[Scraped caption text data]
====

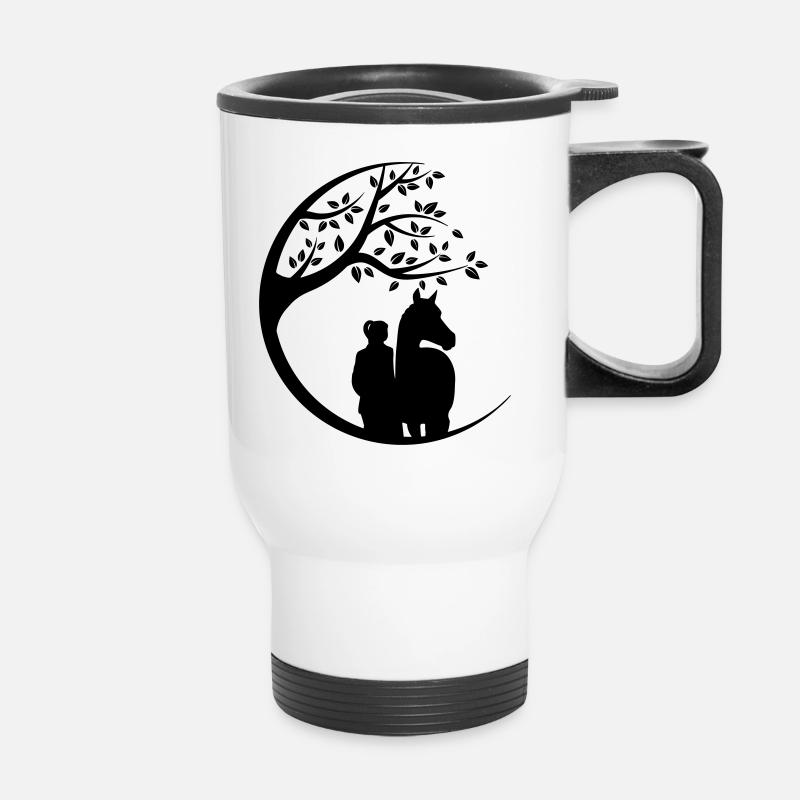 Une fille avec un cheval - Tasse isotherme avec poignée - blanc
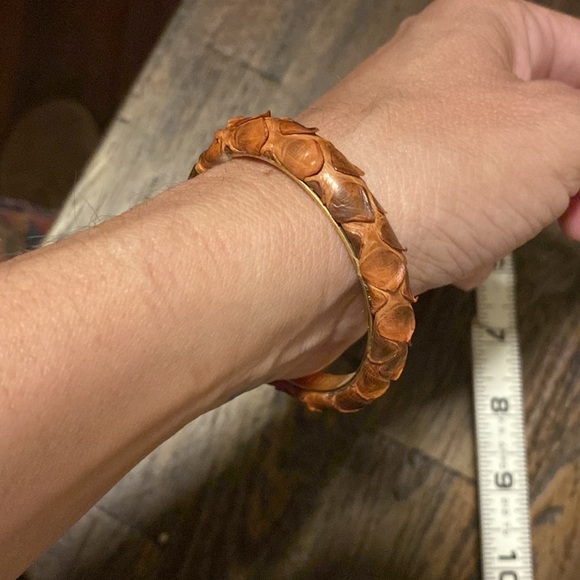 Fleur de lis Leather Wrapped Bangle Bracelet - Picture 8 of 9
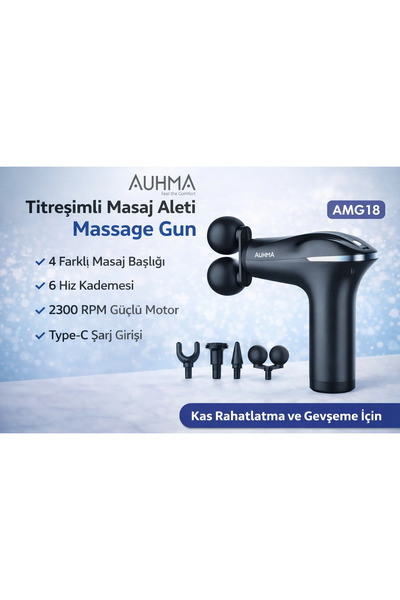 AUHMA AMG18 Masaj Aleti Titreşimli Massage Gun 6 Kademe 4 Başlıklı Şarjlı Masaj Tabancası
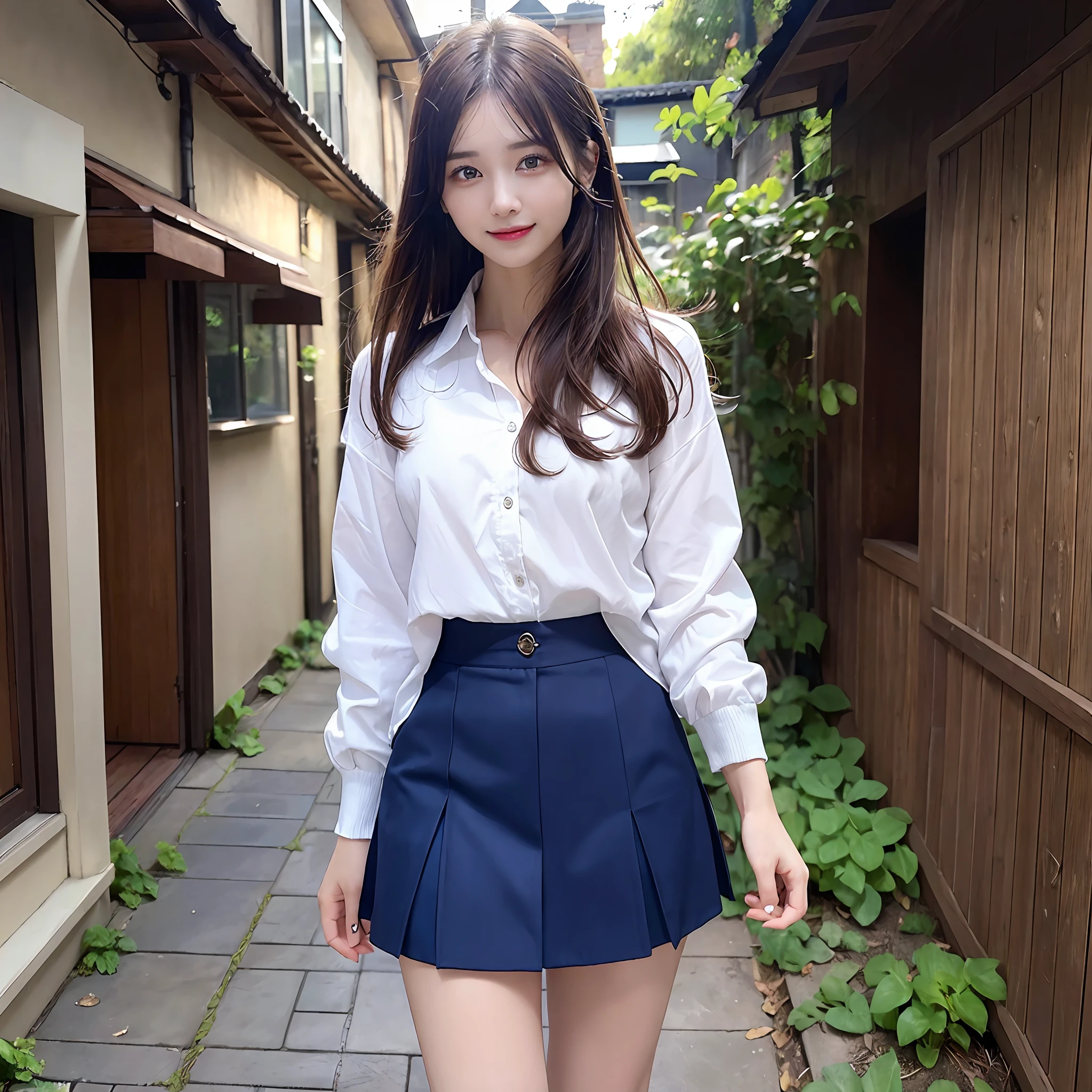 {“query”: “a person”}、((Realistic lighting、top-quality、8K、masterpiece:1.3))、Focus:1.2、1 girl、Perfect figure:1.4、Slim abs:1.1、((dark brown hair))、(Dark blue jacket)、(Dark blue skirt)、(White shirt)、(outside of house、Daytime:1.1)、(Super fine face、A smile)、big eye、24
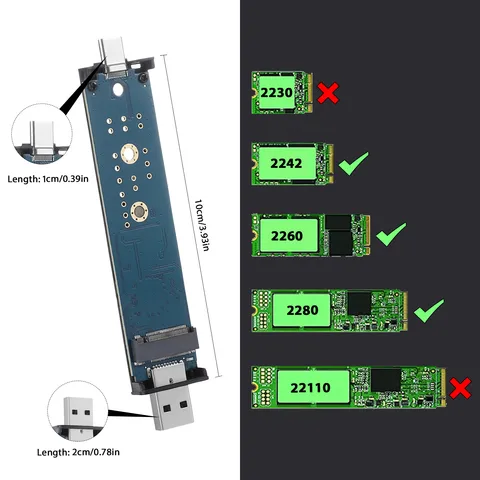 Корпус для M.2 SSD IRhasta алюминиевый USB 3.1 Gen 2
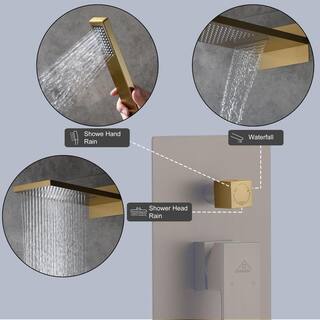 CASAINC 1-Spray Patterns with 2.5 GPM 22 in. Wall Mount Dual Shower Heads in Spot Resist Brushed Gold (Valve Included) M6630-A-22-BG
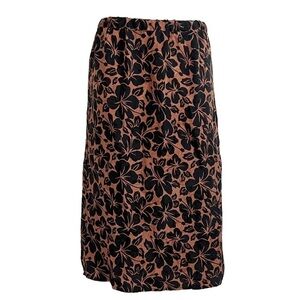 Flora Kung Vintage Silk Pull on Floral Midi Skirt Brown Black Size 14 mid rise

====

All of the records above are to be copied exactly, minus the pictures.

RESULT OF THE TASK:
 Une fille avec un cheval - Tasse isotherme avec poignée - blanc
 Fleur de lis Leather Wrapped Bangle Bracelet - Picture 8 of 9
 AUHMA AMG18 Masaj Aleti Titreşimli Massage Gun 6 Kademe 4 Başlıklı Şarjlı Masaj Tabancası
 {“query”: “a person”}、((Realistic lighting、top-quality、8K、masterpiece:1.3))、Focus:1.2、1 girl、Perfect figure:1.4、Slim abs:1.1、((dark brown hair))、(Dark blue jacket)、(Dark blue skirt)、(White shirt)、(outside of house、Daytime:1.1)、(Super fine face、A smile)、big eye、24
 Корпус для M.2 SSD IRhasta алюминиевый USB 3.1 Gen 2
 CASAINC 1-Spray Patterns with 2.5 GPM 22 in. Wall Mount Dual Shower Heads in Spot Resist Brushed Gold (Valve Included) M6630-A-22-BG
 Flora Kung Vintage Silk Pull on Floral Midi Skirt Brown Black Size 14 mid rise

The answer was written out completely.